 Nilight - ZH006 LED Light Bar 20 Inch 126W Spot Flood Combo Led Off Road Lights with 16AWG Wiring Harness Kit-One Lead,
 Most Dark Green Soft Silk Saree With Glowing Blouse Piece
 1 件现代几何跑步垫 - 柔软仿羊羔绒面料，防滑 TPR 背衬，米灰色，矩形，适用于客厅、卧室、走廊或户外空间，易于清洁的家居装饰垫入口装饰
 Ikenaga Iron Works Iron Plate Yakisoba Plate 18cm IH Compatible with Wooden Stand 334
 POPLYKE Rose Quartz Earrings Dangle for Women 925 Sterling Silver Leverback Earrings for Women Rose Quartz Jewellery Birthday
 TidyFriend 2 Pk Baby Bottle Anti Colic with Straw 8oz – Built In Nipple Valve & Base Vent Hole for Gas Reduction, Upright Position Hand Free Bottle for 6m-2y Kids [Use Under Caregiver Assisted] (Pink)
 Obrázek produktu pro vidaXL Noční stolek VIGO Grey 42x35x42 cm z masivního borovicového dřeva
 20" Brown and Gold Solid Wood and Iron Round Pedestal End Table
* * *
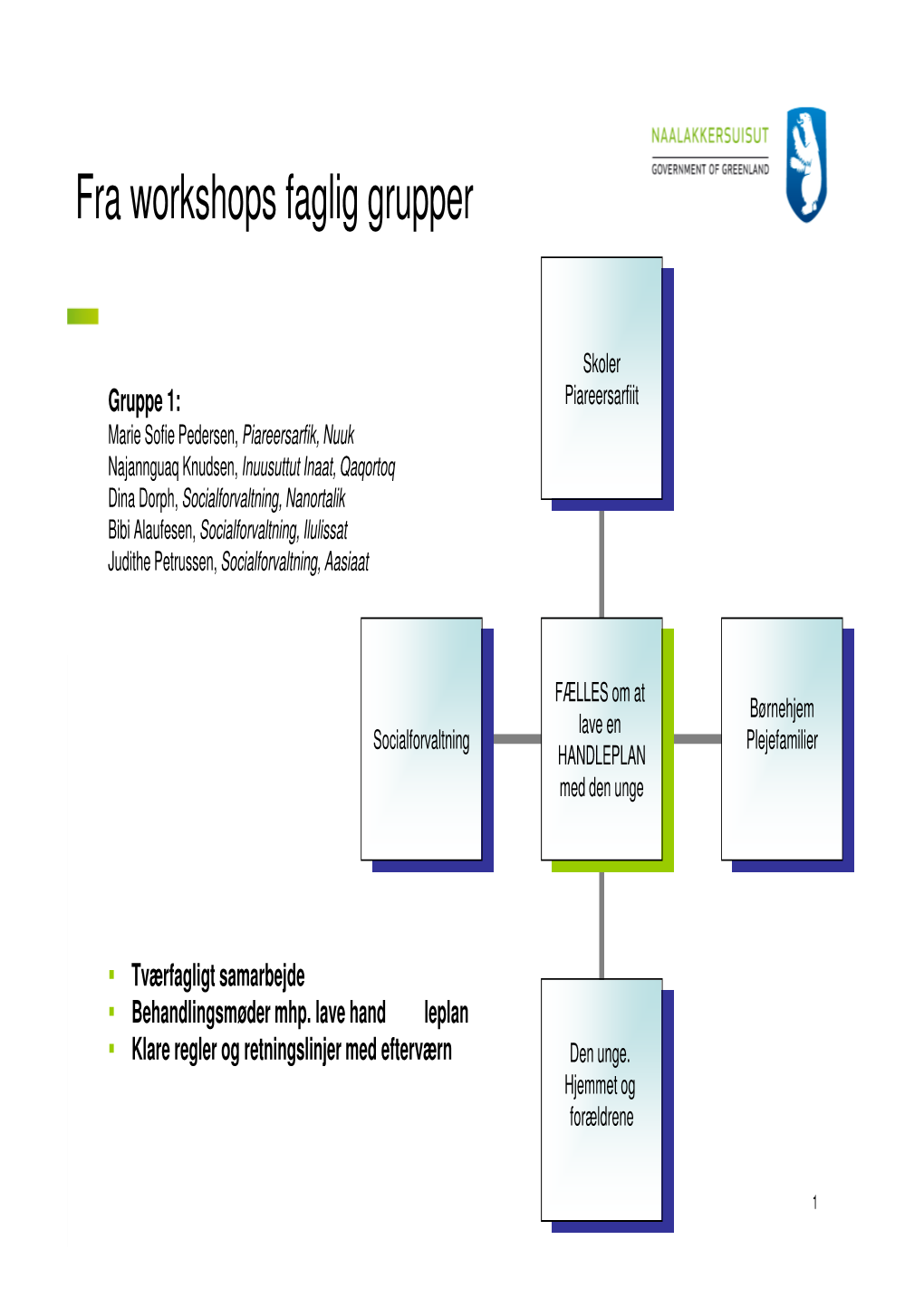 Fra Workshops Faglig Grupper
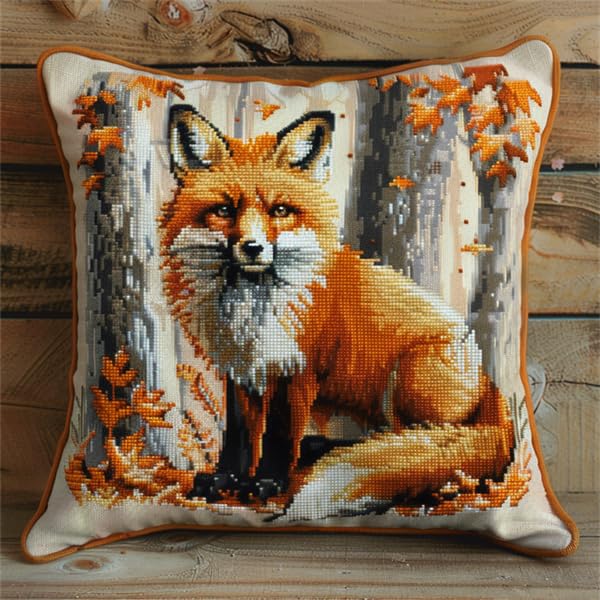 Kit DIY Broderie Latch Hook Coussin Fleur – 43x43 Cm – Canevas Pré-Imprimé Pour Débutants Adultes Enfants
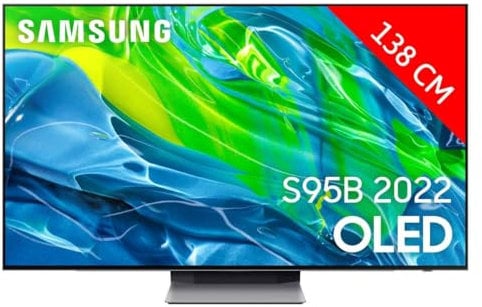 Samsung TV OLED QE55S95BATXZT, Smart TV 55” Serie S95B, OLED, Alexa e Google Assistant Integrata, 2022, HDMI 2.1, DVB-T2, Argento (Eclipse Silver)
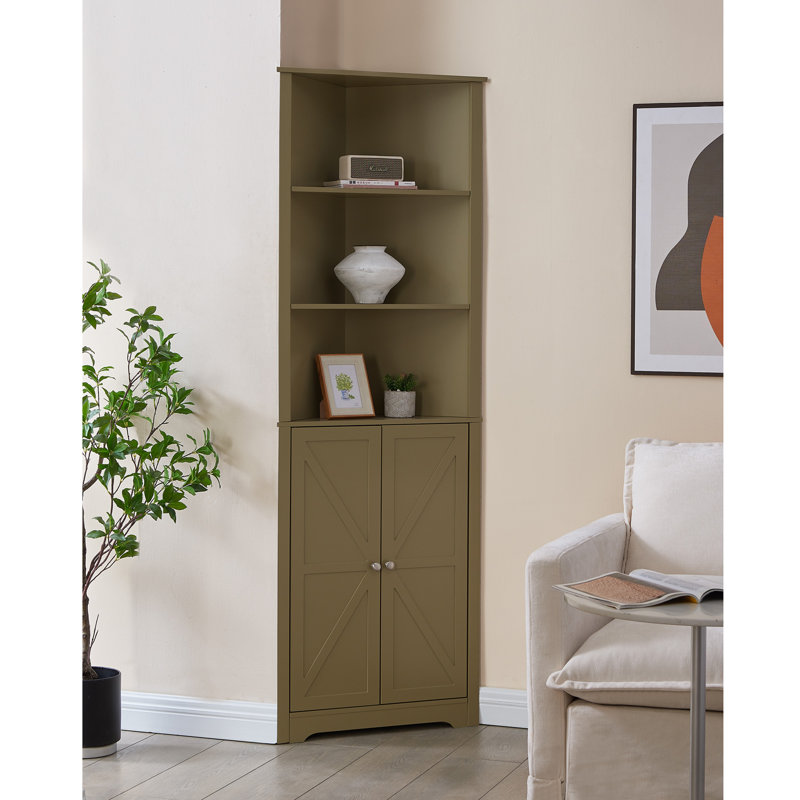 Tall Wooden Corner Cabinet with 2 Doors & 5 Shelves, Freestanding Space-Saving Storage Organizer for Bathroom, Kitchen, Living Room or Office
---
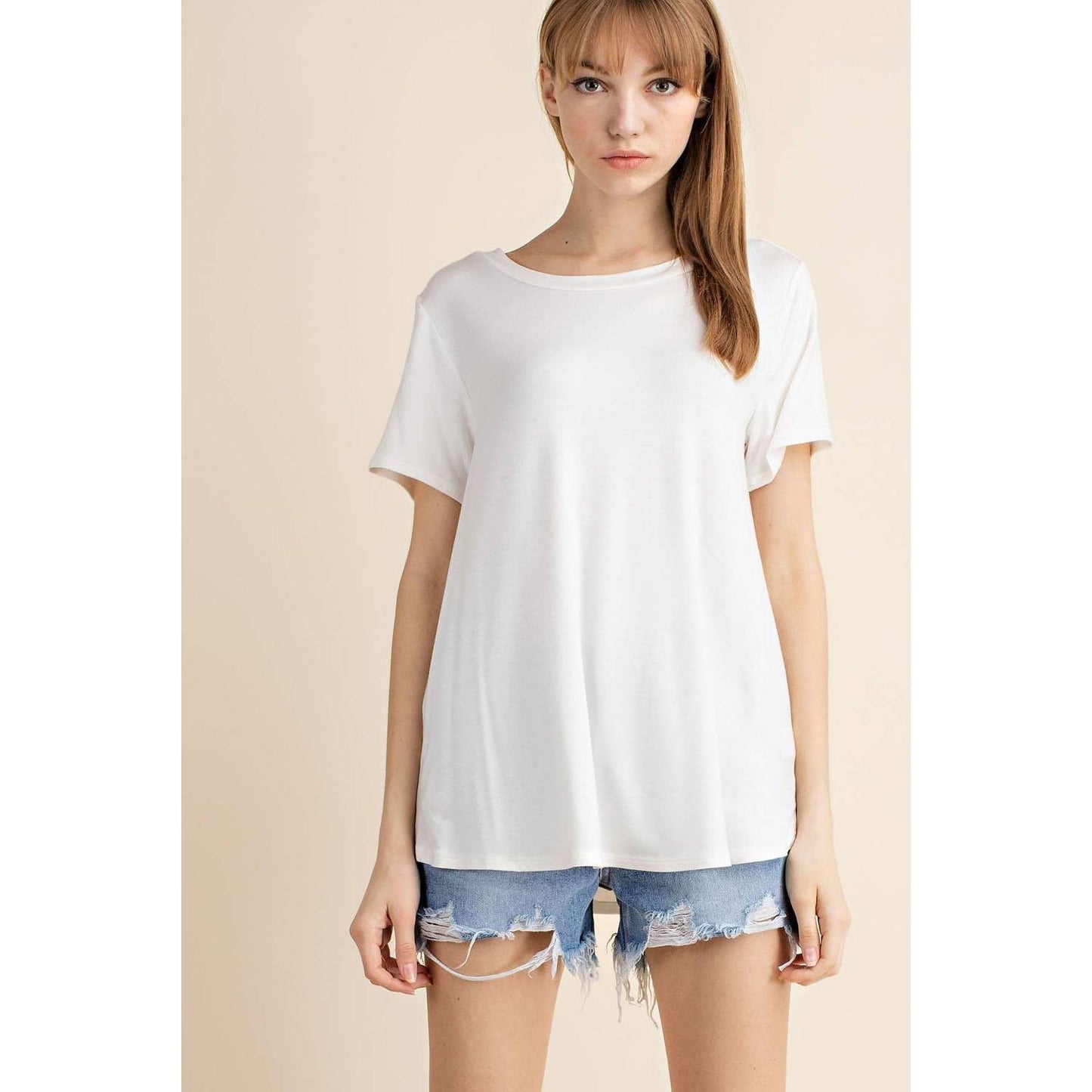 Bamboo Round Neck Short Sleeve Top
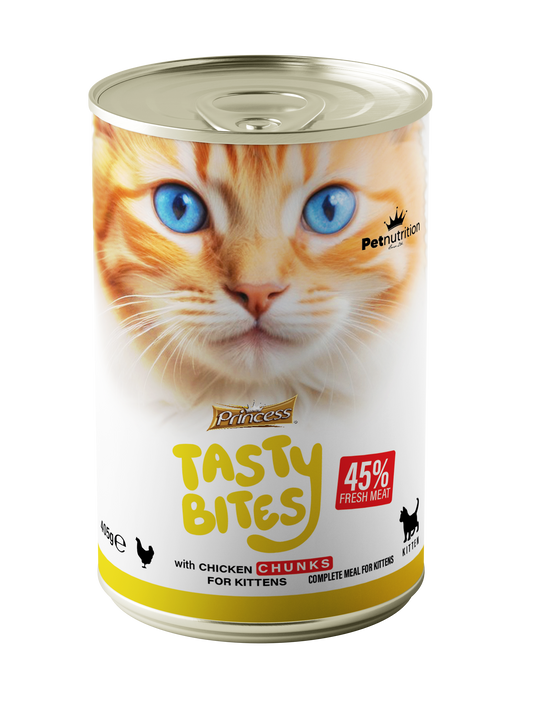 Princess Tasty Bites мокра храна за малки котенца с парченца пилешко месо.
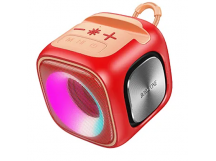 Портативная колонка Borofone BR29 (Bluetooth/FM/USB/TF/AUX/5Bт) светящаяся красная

● **Problem description**
When you reach the line holding "Nilight - ZH006" in the records above, begin reproducing exactly, stop after the line holding "POPLYKE Rose Quartz", and output nothing else.

● **Output below**
 Nilight - ZH006 LED Light Bar 20 Inch 126W Spot Flood Combo Led Off Road Lights with 16AWG Wiring Harness Kit-One Lead,
 Most Dark Green Soft Silk Saree With Glowing Blouse Piece
 1 件现代几何跑步垫 - 柔软仿羊羔绒面料，防滑 TPR 背衬，米灰色，矩形，适用于客厅、卧室、走廊或户外空间，易于清洁的家居装饰垫入口装饰
 Ikenaga Iron Works Iron Plate Yakisoba Plate 18cm IH Compatible with Wooden Stand 334
 POPLYKE Rose Quartz Earrings Dangle for Women 925 Sterling Silver Leverback Earrings for Women Rose Quartz Jewellery Birthday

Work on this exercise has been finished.